"Enggak ada RTH yang komersial. Itu sih cuma omongan Azis (tokoh masyarakat Kalijodo, Abdul Azis) saja yang ngoceh-ngoceh," kata Ahok di kantornya, Balai Kota, Jakarta Pusat, Selasa (23/2).
Dia menganggap tuduhan RTH dikomersilkan itu tidak masuk akal. Apalagi, pihak Pemprov DKI bisa dipidanakan bila memberi izin pendirian bangunan di atas lahan hijau Jakarta.
"Sekarang, mau enggak orang investasi mal atau hotel di atas lahan hijau?" ucap Ahok.
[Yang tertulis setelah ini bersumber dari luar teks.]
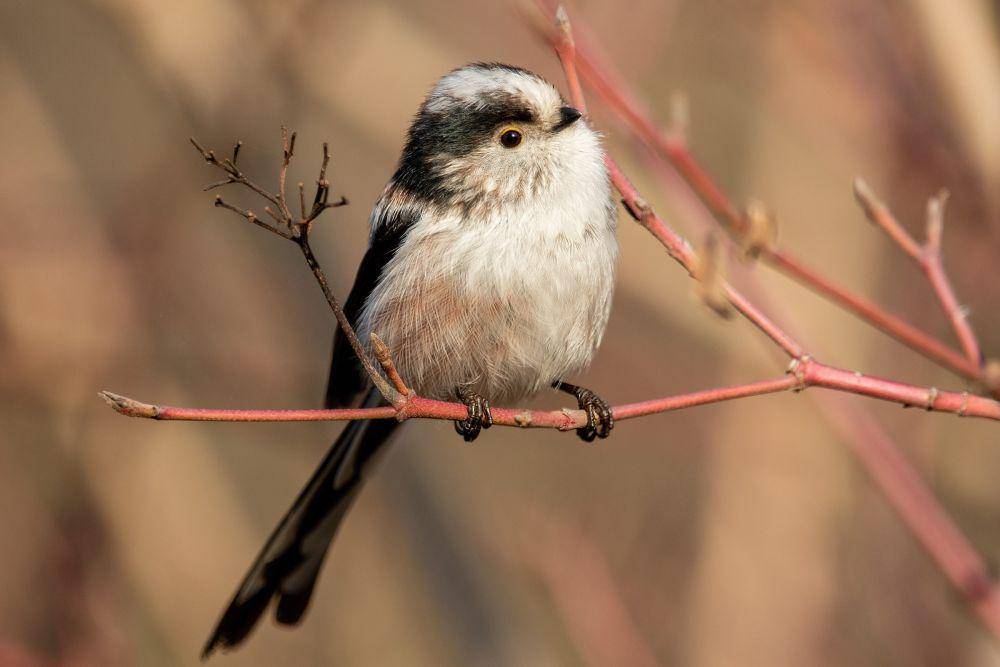 potret burung long-tailed tit (commons.wikimedia.org/Alexis Lours)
Karena itu, Ahok tekankan lagi bahwa Pemprov DKI akan mengambil secara paksa 80 persen RTH yang saat ini sudah diduduki secara liar.
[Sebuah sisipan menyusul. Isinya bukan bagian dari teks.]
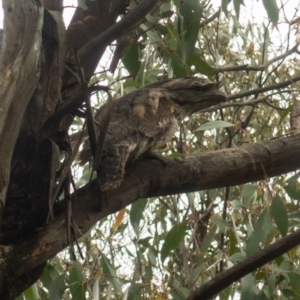 Podargus strigoides at Rendezvous Creek, ACT - 22 Nov 2021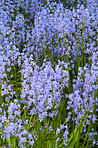 Bluebells in my garden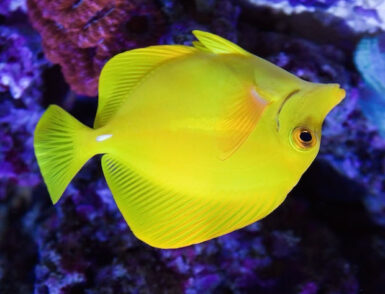 Yellow tang seems to enjoy swimming upside down (video) | Reef Builders ...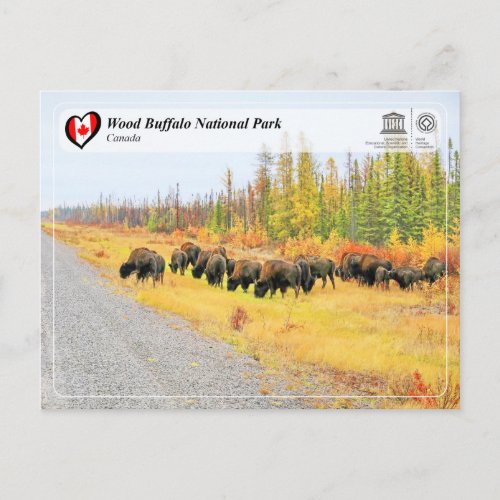 UNESCO WHS _ Wood Buffalo National Park Postcard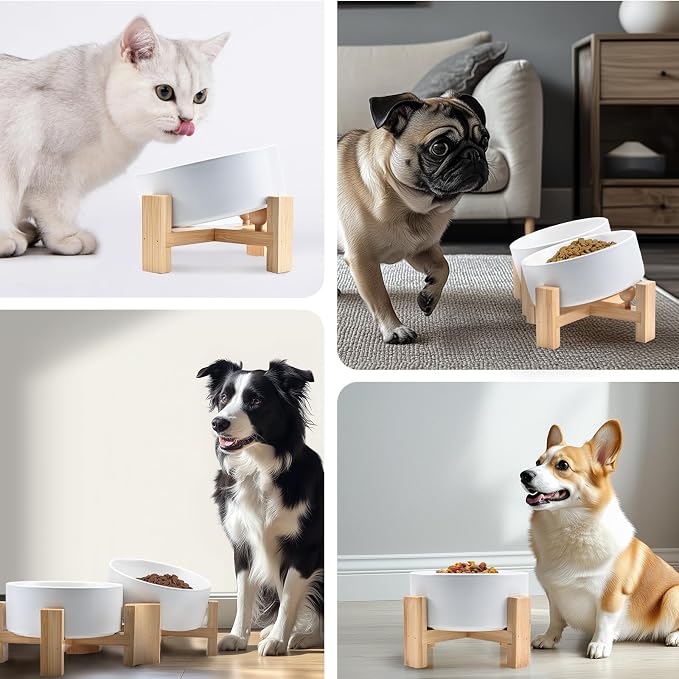 SPUNKYJUNKY 15° Slanted Ceramic Dog and Cat Bowl with Wooden Stand, Tilted Bulldog Food and Water Bowl No Slip Non-Spill for Cats Medium Dogs Big Face Pets 28.7 OZ (3.6 Cups, White × 2)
"Bongkar. Kami akan terus ambil," tegas Ahok
Penertiban RTH berpedoman pada Perda Nomor 1 Tahun 2012 tentang Rencana Tata Ruang Wilayah (RTRW) 2030 dan Perda Nomor 1 Tahun 2014 tentang Rencana Detail Tata Ruang (RDTR) 2030.
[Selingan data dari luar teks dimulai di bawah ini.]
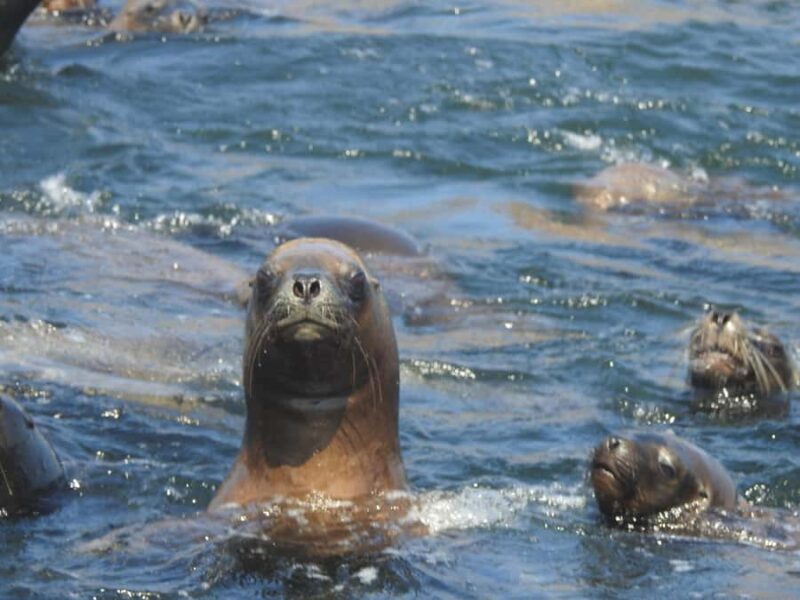 Palomino Islands Yacht Tour and swim alongside the sea lions - The Itinerary in Detail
Sebelumnya, sejarawan muda, JJ Rizal, mempertanyakan konsistensi Basuki dalam mengembalikan fungsi RTH.
Dalam akun Twitter-nya, @JJRizal, ia menyertakan foto daftar kawasan resapan air dan RTH yang telah beralih fungsi menjadi rumah-rumah mewah, pusat perbelanjaan, dan properti komersial lainnya.
Contohnya adalah Kelapa Gading sebagai area resapan air, Pantai Indah Kapuk sebagai area hutan lindung, Sunter sebagai area resapan air, Senayan sebagai RTH, dan Tomang sebagai hutan kota.